Introduction: Alzheimer's disease is a progressive neurodegenerative condition characterized by the gradual deterioration of cognitive functions. Early identification of functional brain changes is crucial for timely diagnosis and effective intervention. This study employs multiplex network analysis to examine alterations in brain connectivity topology associated with Alzheimer's Disease, to identify early biomarkers and uncover potential therapeutic targets.

Methods: This study presents a secondary cross-sectional analysis based on a publicly available EEG dataset comprising spectral coherence measurements from 25 patients with clinically diagnosed Alzheimer's Disease (AD) and 25 age- and gender-matched Healthy Controls (HC). Functional connectivity matrices were generated across seven distinct frequency bands, with each brain region modeled as a network node and inter-regional coherence values represented as weighted edges.
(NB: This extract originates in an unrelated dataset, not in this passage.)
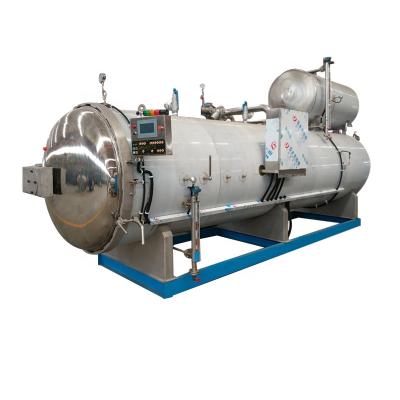 China High Temperature Sterilization Retort Steam Water Jet Retort Sterilizer Autoclave Machine For Pouch/Food Industry Glass Jar/Tin Cans for sale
These matrices were then used to construct multiplex brain networks, which were rigorously analyzed using graph-theoretical approaches. The analysis encompassed key metrics, including modularity, centrality measures (Betweenness and MultiRank), motif distribution, and network controllability, to characterize and compare the underlying patterns of functional brain organization in AD and healthy aging.
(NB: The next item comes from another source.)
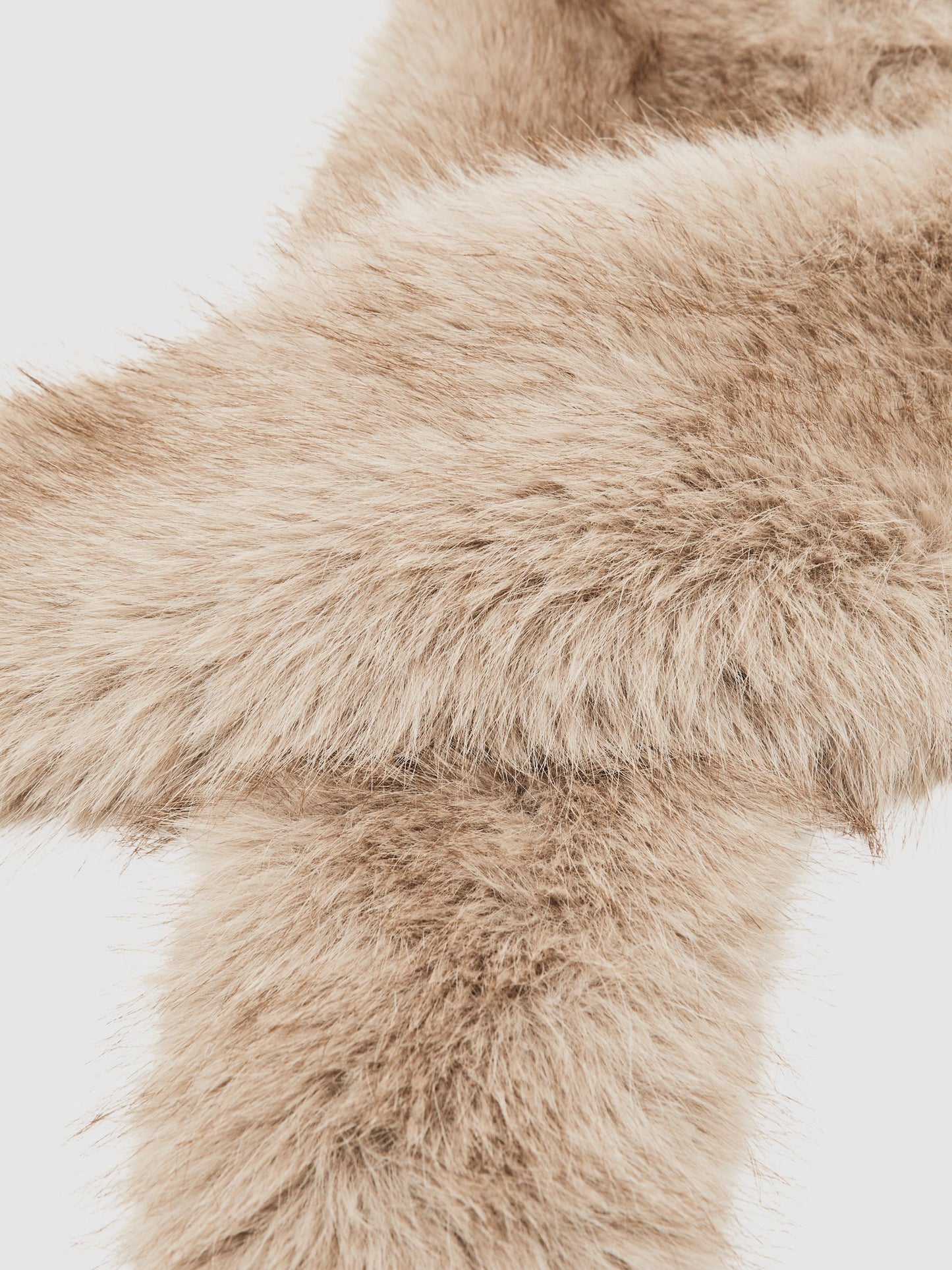 Fur Scarf in Neutral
Results: Networks associated with AD exhibited significantly reduced modularity, disrupted centrality patterns, and a higher occurrence of 2 and 3-node motifs, indicating local reorganization of connectivity. Additionally, the spatial distribution of driver nodes was markedly altered in AD. Centrality analyses revealed a pronounced shift in network hubs toward the temporal and insular cortices, suggesting compensatory or pathological reallocation of influence. Controllability assessments demonstrated a lower energy requirement for network control in AD, accompanied by increased inter-layer fragmentation, reflecting compromised integrative function across frequency bands.
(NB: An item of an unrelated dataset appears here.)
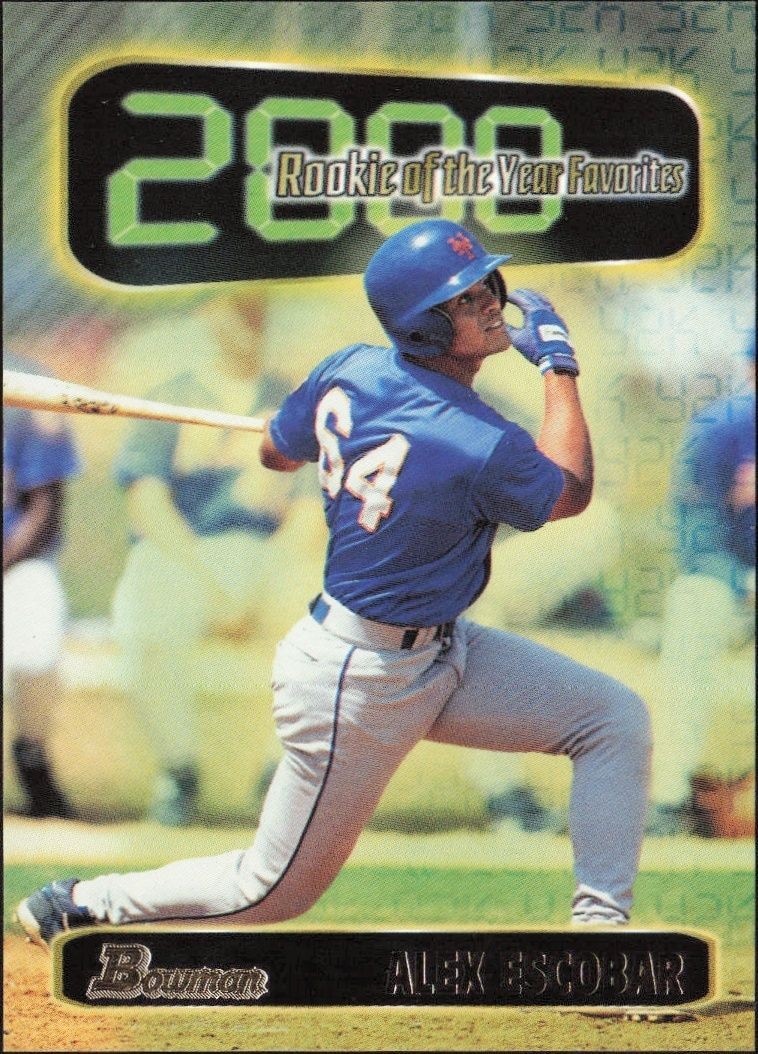 1999 Bowman Alex Escobar #ROY5 trading card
Discussion: The findings revealed specific topological alterations, including reduced modularity, altered centrality, and decreased controllability, all of which are closely linked to AD-related network degeneration. By leveraging multi-frequency EEG data, the multiplex approach shows significant clinical potential for monitoring disease progression and supporting personalized treatments, with the ability to detect subtle connectivity disruptions before cognitive symptoms manifest.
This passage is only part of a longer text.